The 52nd thrived on adversity during its time at Moody. "The statistics show that of all the contests among the airlift squadrons, we were number one in tactical airlift and airdrop," said Senior Airman Samuel Citalan, flight engineer. In 1996 alone, the squadron flew 5,469 hours, nearly 2,000 of those while deployed in Saudi Arabia as part of Operation SOUTHERN WATCH, but still had the lowest in-flight emergency rate in the entire wing. As part of the first United States team ever to participate in France's 19th Annual Airlift Congress in 1996, members of the 52nd won Best Team, Best C-130 Crew, and Best Enroute Navigation to an Airdrop Event. Most recently, at March's Air Warrior II exercise in Little Rock, the 52nd logged an exceptional 98.2 percent mission-capable rate at a time when rumors of the squadron's closure had already begun to circulate.

Those rumors were confirmed May 2. "I received a phone call from Col. (Billy) Diehl," recounted Lt. Col. Mark Fritzsche, 52nd AS commander . "He wanted to meet with our people immediately. A few hours later, he informed us all that Congress had approved the (closing of the squadron.) The announcement allowed us to deal with certainties to face the facts and move on from there." Planning for the transition began immediately. Master Sgt. Craig England, production supervisor, oversaw the transfer of aircraft from Moody. "I coordinated with all the major commands to come up with a game plan to make the transition as smooth as possible," England said."We had to have what we called an "iron flow," which is the actual (decision of) which aircraft would go to which commands and at what times. There were a lot of inspections that had to be done, and those had to be coordinated for specific times." "Seven planes went through major inspections," England added. "That involves putting an airplane into the inspection hangar for approximately three weeks, where they actually tear the airplane apart and do a very thorough inspection." Maintenance teams from Yokota and Little Rock arrived shortly before each wave of planes departed to make sure all the aircraft their bases would receive were in top condition. England assembled cadre teams of the 52nd's own maintainers to work with the inspectors and perform any necessary repairs. The cadre teams also had to assemble a history of each aircraft, compiling its previous writeups, records and time changes. The cadre teams had to work this maintenance around the squadron's regular operation schedule, at the same time that unit members were beginning to leave in anticipation of the squadron closing.
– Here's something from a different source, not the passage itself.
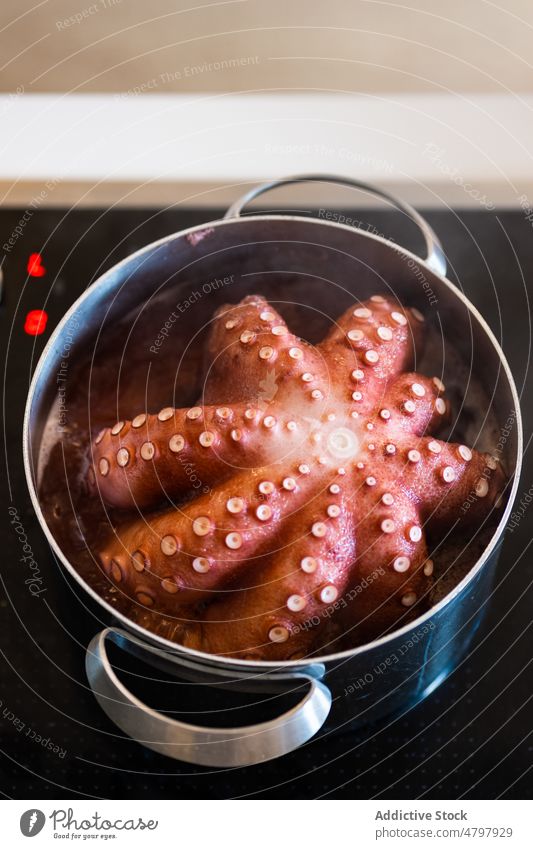 Octopus in pot on stove octopus raw cook seafood uncooked kitchen cuisine boil culinary cooker induction kitchenware appliance product natural fresh mollusc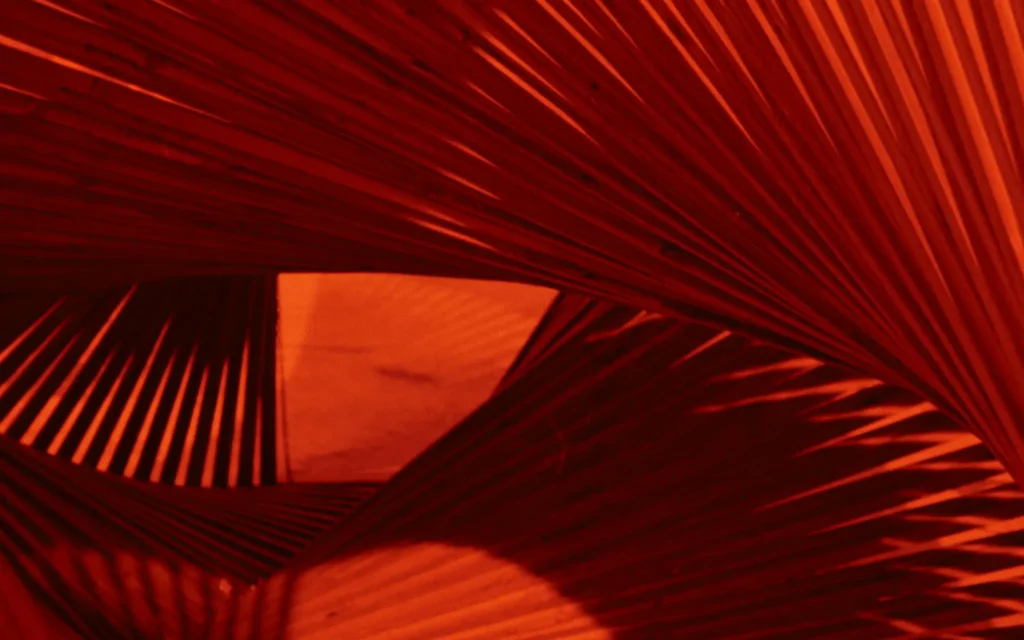 L3 Service AI in AdTech ML model development integration - Avenga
The 52nd's last major operational week was dedicated to last-minute maintenance, briefings for the outgoing crews, and planning for the going-away ceremony. After departing from Moody on the morning of July 30, the members of the 52nd faced their final challenge as a squadron by participating in a drop competition, held in their honor, en route to Little Rock.

After they landed, Copley predicted a celebration with the former Roos' new squadron mates in Arkansas. "It'll be a big night for the 52nd," he said. "We'll all be together for the last time." As they prepared to move on to new assignments, members of the 52nd expressed pride in the solidarity, professionalism and achievements of their squadron. "I wish I had been more involved with the unit," said Citalan, who arrived four months before the squadron closed down. "Surrounded by all this experience, I would feel ready to go to war with this squadron." "A lot of people look at (the 52nd) and say, they've only got 10 airplanes," said Chief Master Sgt. Johnny Lynn, chief of maintenance. "But for a small squadron, it is one of the busiest and hardest-working squadrons I have ever seen. I think the Air Force, unless they compensate, is going to be losing a lot." With ongoing cuts in the size of the military, some say it's doubtful that the name and emblem of the 52nd will be resurrected at some point in the future. However, whether or not the combat marsupials of the 52nd Airlift Squadron ever return to service, the men and women who wore a kangaroo patch on their shoulder at Moody will continue the squadron's record of outstanding achievement. "I don't know whether this squadron will rise again," said Fritzsche, "but its standards, its knowledge and its expertise will carry on as our people are scattered to the four corners of the globe."